1. The Plan is amended by deleting the first two sentences in the
third paragraph of Section 5 thereof and replacing them
with the following:
"The Company in its discretion may establish a trust to assist it in
satisfying its obligations under this Plan. The assets of the Trust shall
be subject to the claims of the general creditors of the Company in the
event of bankruptcy or insolvency of the Company."

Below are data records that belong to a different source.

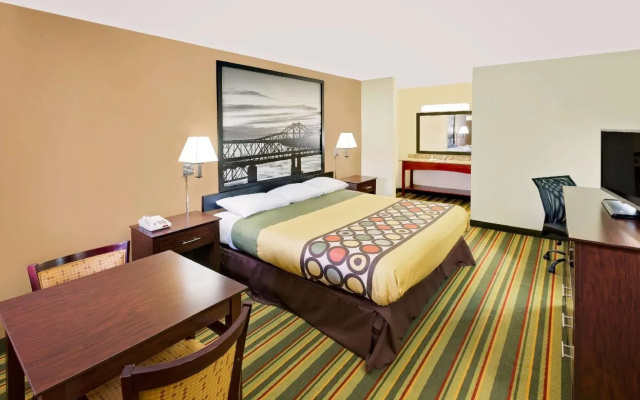 photo 5 of Super 8 by Wyndham Laurel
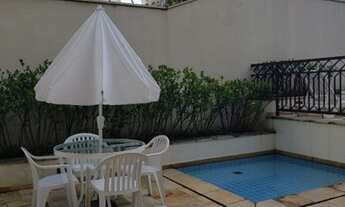 Imagem 7: Apartamento para venda possui 126 metros quadrados com 3 quartos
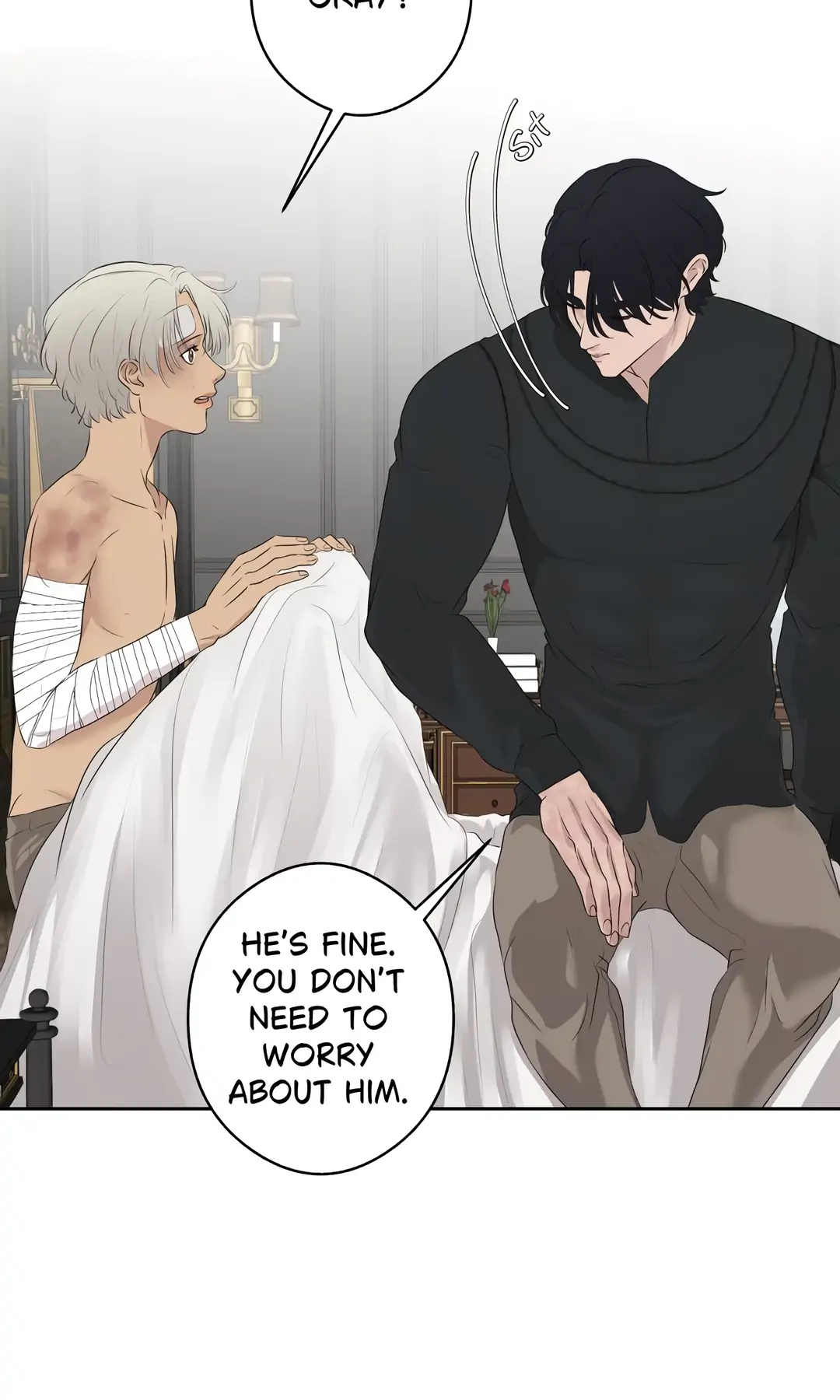 My Sweet Demon King - Chapter 19 Page 7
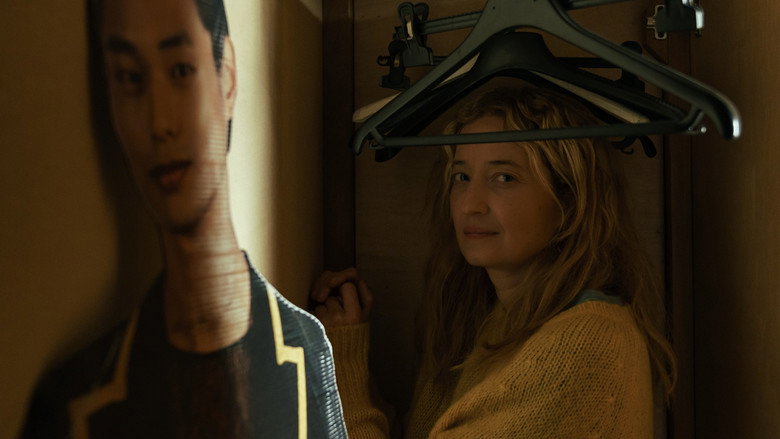 кадр из фильма Три прощания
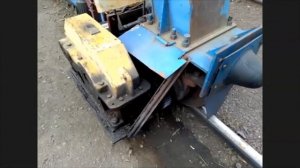 Онлайн экскурсия по крану ККЭ 12,5  Ходовая тележка крана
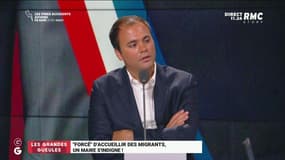 "Forcé" d'accueillir des migrants, un maire s'indigne - 06/09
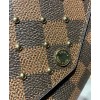 Louis Vuitton Sarah Wallet N60249 Brown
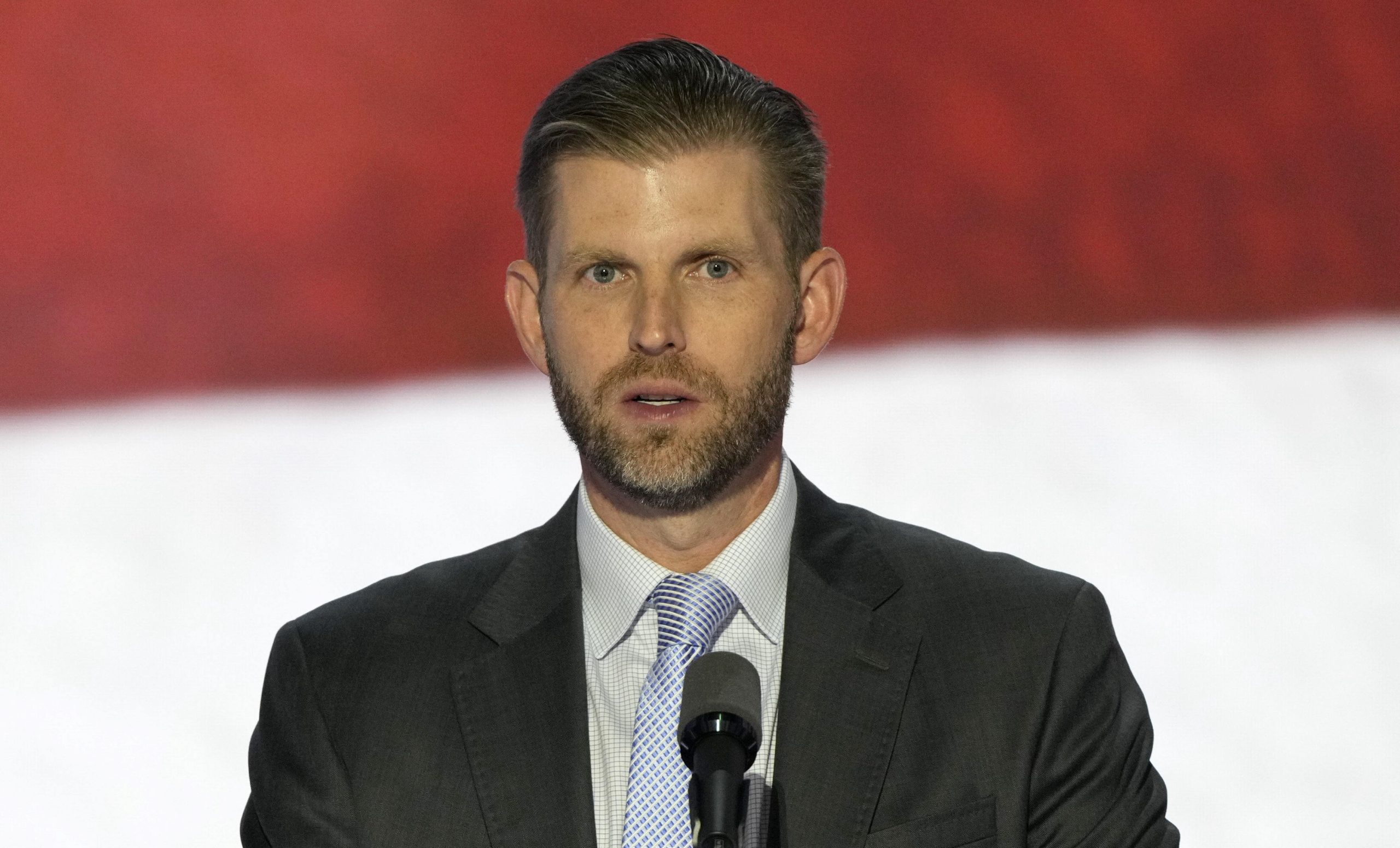 Daniel Cormier Posts Then Deletes Screenshots of Messages from Eric Trump About UFC Event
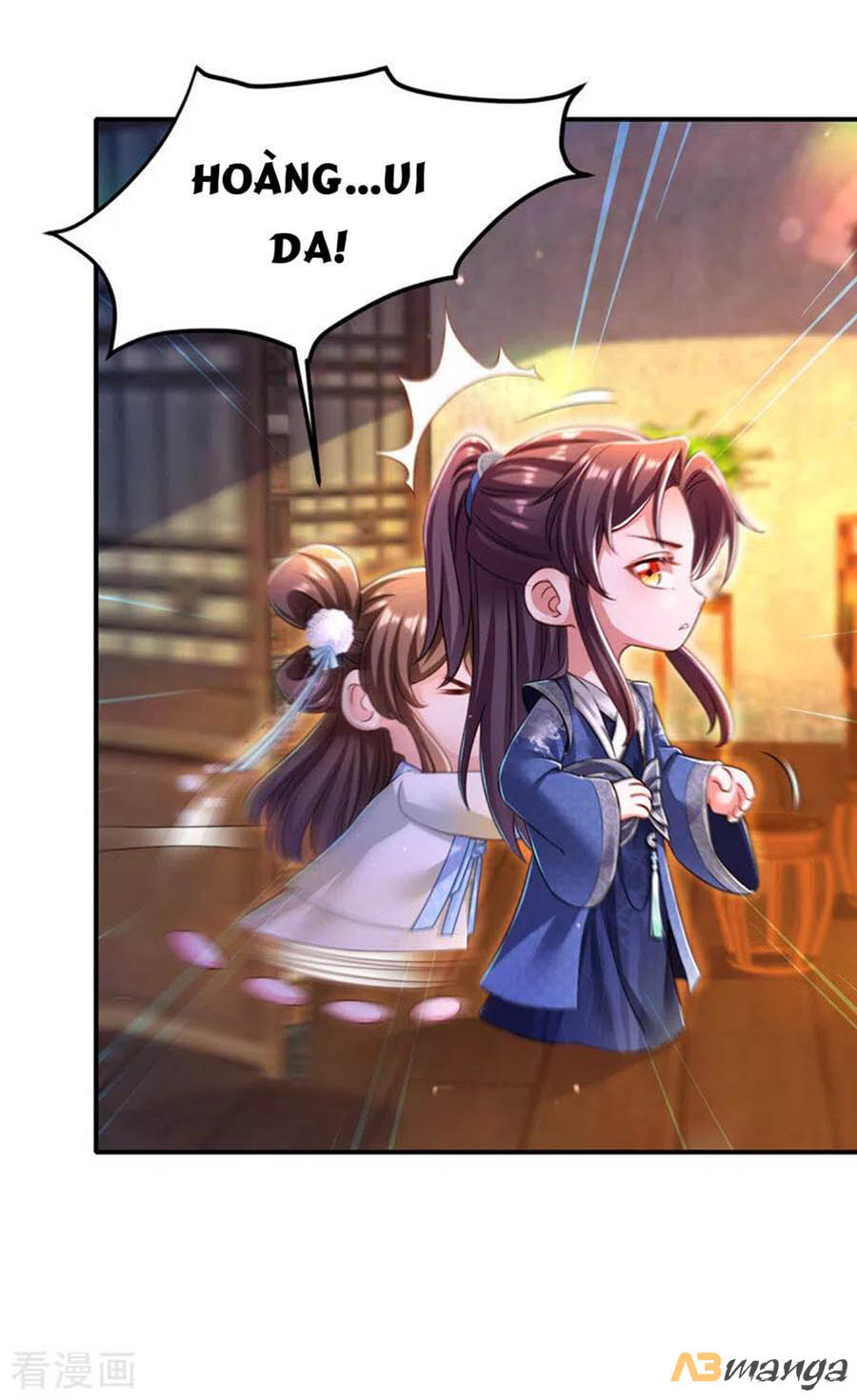 ngã tại hậu cung đương đại lão nữ chapter 52 2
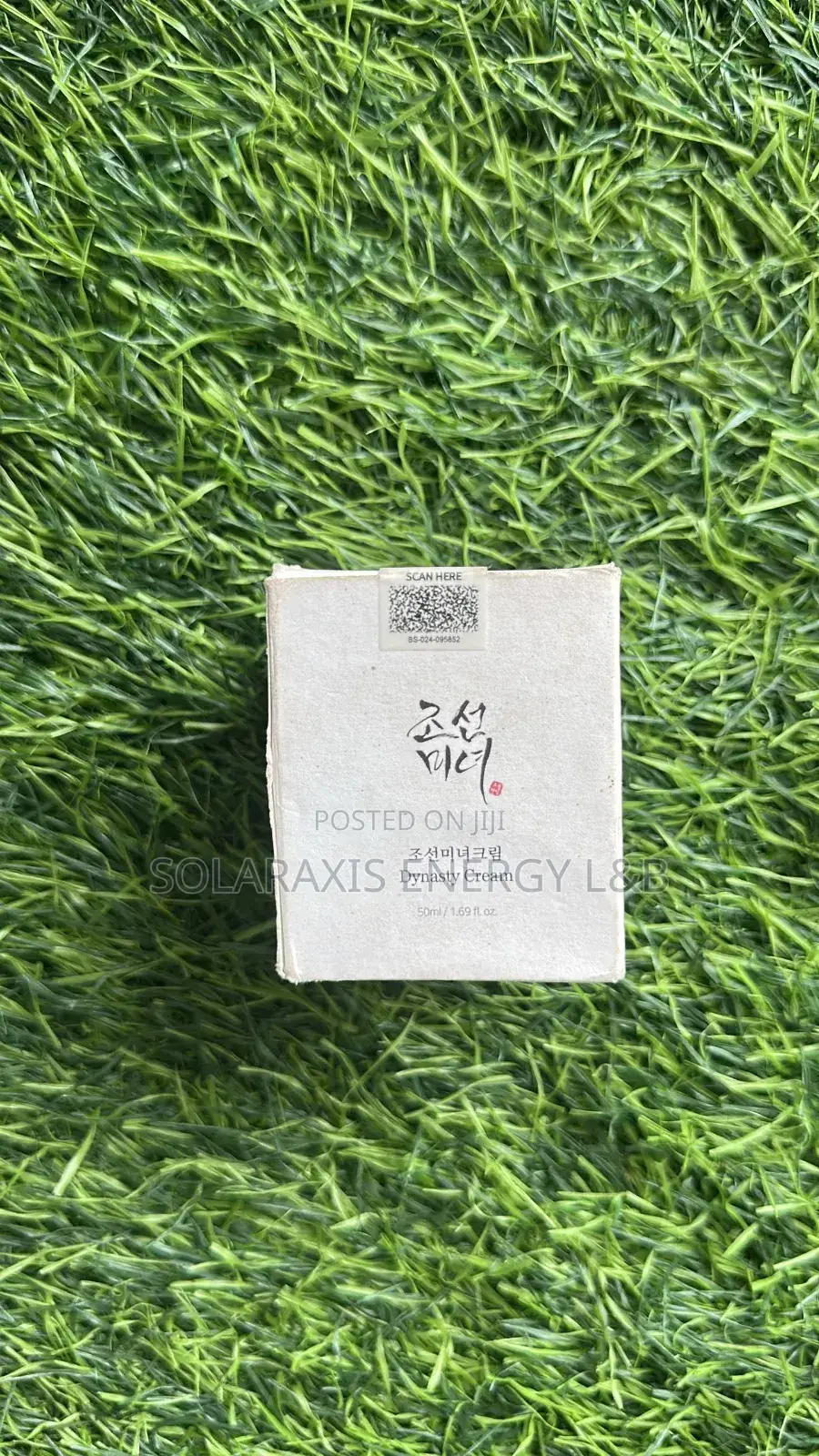 Dynasty Cream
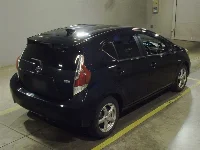 Цена авто Toyota Aqua с аукционов Японии, номер кузова NHP10, пробег 177 000, оценка 4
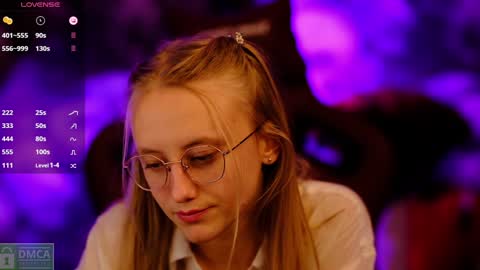 angeellina online show from January 7, 9:25 pm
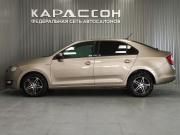 Skoda Rapid I Рестайлинг Пермь  - изображение 23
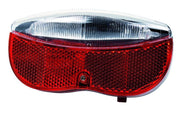 achterlicht Regular led batterij rood
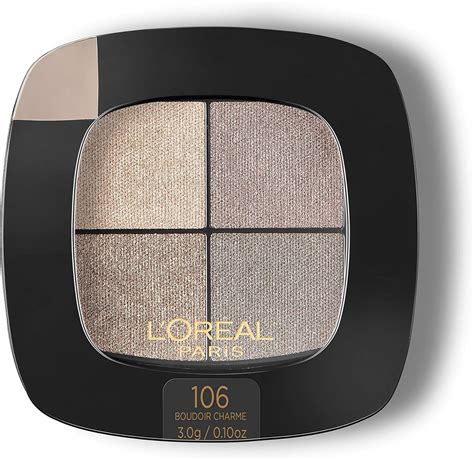 Loréal Paris Colour Riche Eye Pocket Palette Eye Shadow Boudoir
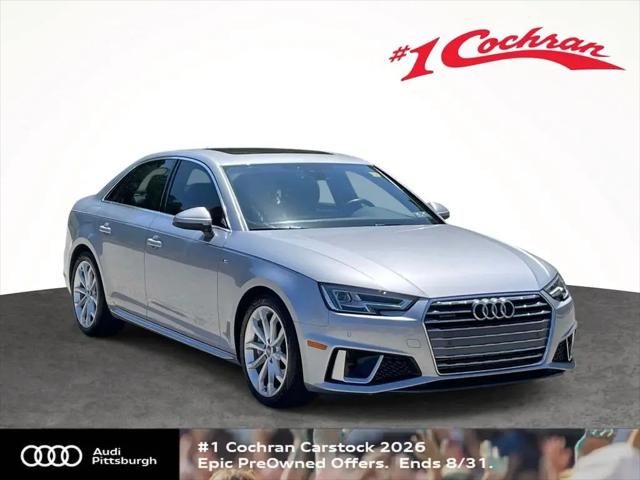 2019 Audi A4 45 Premium for sale in Pittsburgh, PA
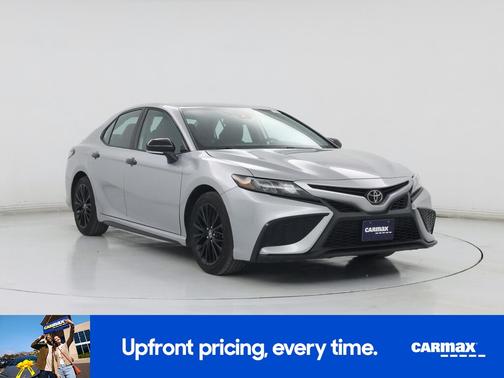 2022 Toyota Camry SE Night Shade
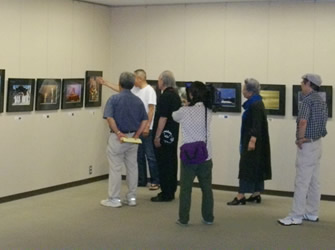 写真移動展 写真移動展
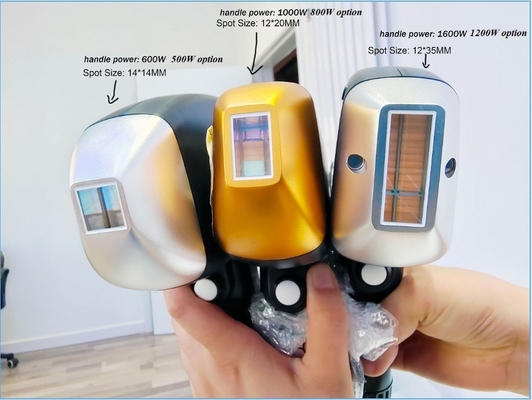 808nm Dioden Laser Haarentfernung Maschine TUV ISO CE Zertifizierung zum Entfernen von Poren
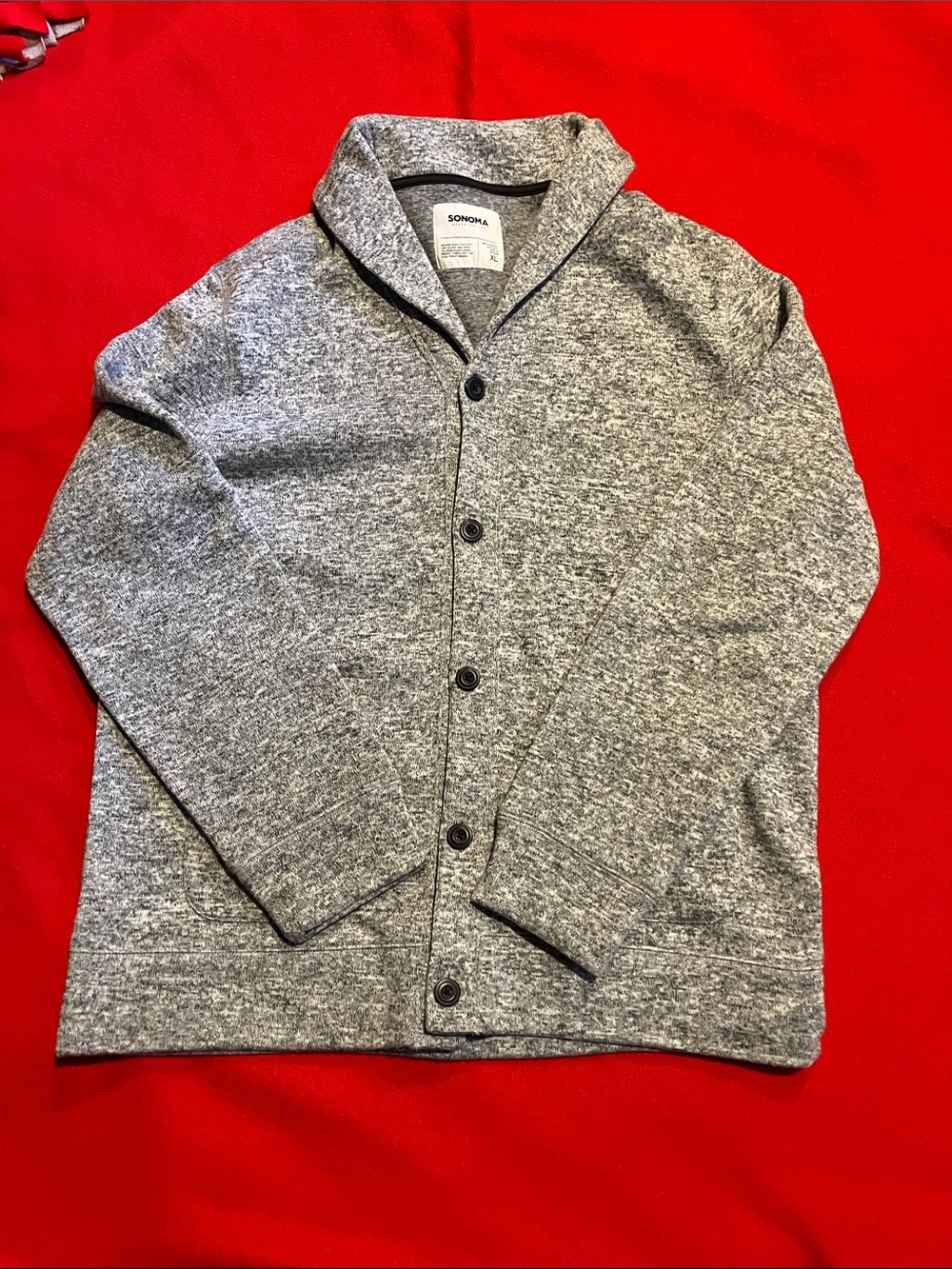 Men’s Sonoma button down long sleeve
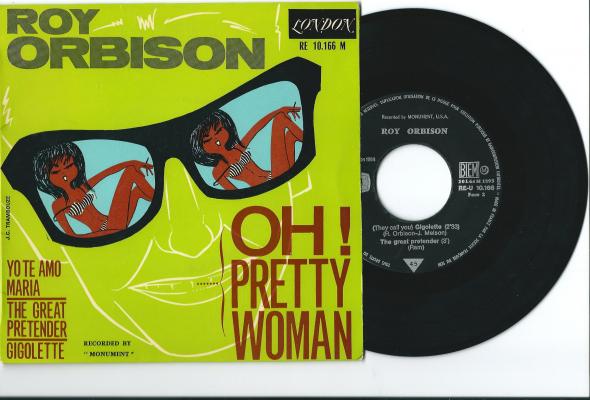 Oh Pretty Woman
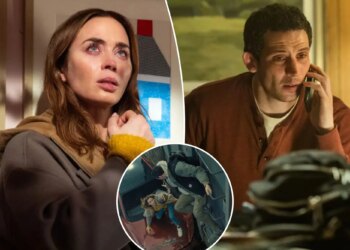 'Disclosure Day' review: There's an alien cover-up in Steven Spielberg's exciting sci-fi movie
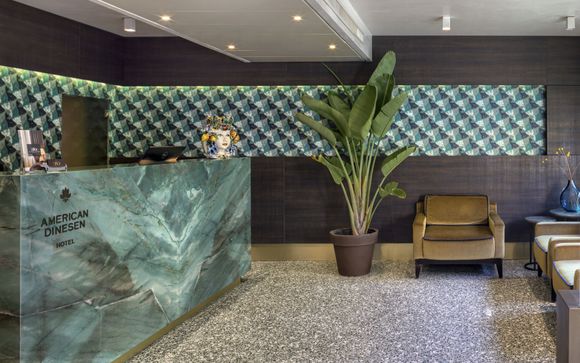 Hotel American Dinesen 4*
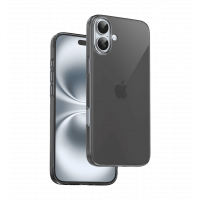 Cover Keephone X-Crystal Case for 16 Plus Black (KPX-CS16PLBK)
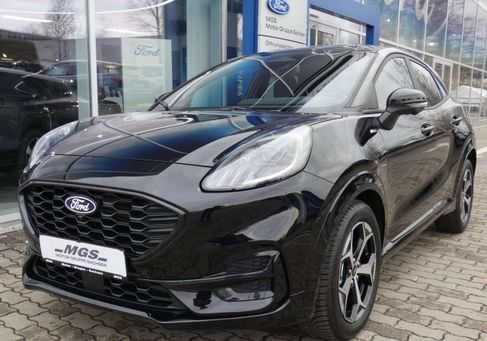 Ford Puma, 2025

2. Section 6 of the Plan is amended by adding the following at the
end thereof:
"Notwithstanding the foregoing, each Director may elect (in a manner
acceptable to the Company) to have his or her entire benefit under the Plan
distributed to the Director in a single lump sum at the time of a Change in
Control; provided, however, that such an election (or a revocation of such
an election) must have been made at least six months in advance of the
Change in Control.
At the time of a Change in Control, the Company shall also make to
each Director whose benefits are distributed in a lump sum on account of
the Change in Control an immediate cash payment equal, on an after- tax
basis (including combined federal, state and local income, employment and
excise taxes), to the excess of (A) over (B), where (A) is equal to the
present value (discounted at the Applicable Federal Rate (within the
meaning of Section 1274 of the Code) in effect at the time of payment) of:
(x) the Director's entire benefit at the time of assumed payment (described
below) as increased from the date of the Change in Control through the
dates of assumed payment at a compound annual rate equal to the interest
equivalent rate provided for under Section 4 of the Plan (as determined at
the time of the Change in Control), multiplied by (y) one minus the federal
income tax rate (expressed as a decimal) in effect at the time of the
Change in Control; and (B) is the present value (discounted at the
Applicable Federal Rate at the time of payment) of the Director's entire
benefit at the time of assumed payment, computed assuming that the
Director's benefits at the time of the Change in Control are reduced at
such time by federal, state and local income taxes payable on a lump sum
distribution of the entire benefit at such time and also assuming that such
resulting amount is increased through the dates of assumed payment at a
compound annual rate equal to (x) the interest equivalent rate provided for
under Section 4 of the Plan at the time of the Change in Control,
multiplied by (y) one minus the combined federal, state and local income
tax rate at such time, expressed as a decimal. For purposes of this
paragraph, it shall be assumed that the Director's benefits will be
distributed in ten annual installments commencing at the later of the time
the Director reaches age 65 or the date of the Change in Control, and it
shall also be assumed that income taxes are payable at the top marginal
rates and that state and local income taxes are deductible for federal
income tax purposes.
32
<PAGE>
For purposes hereof 'Change in Control' means:
(a) the acquisition by any individual, entity or group (within
the meaning of Section 13(d)(3) or 14(d)(2) of the Exchange
Act, (a "Person"), of beneficial ownership (within the meaning
of Rule 13d-3 promulgated under the Exchange Act) of 25% or
more of either (1) the then outstanding shares of common stock
of the Company (the "Outstanding Company Common Stock") or (2)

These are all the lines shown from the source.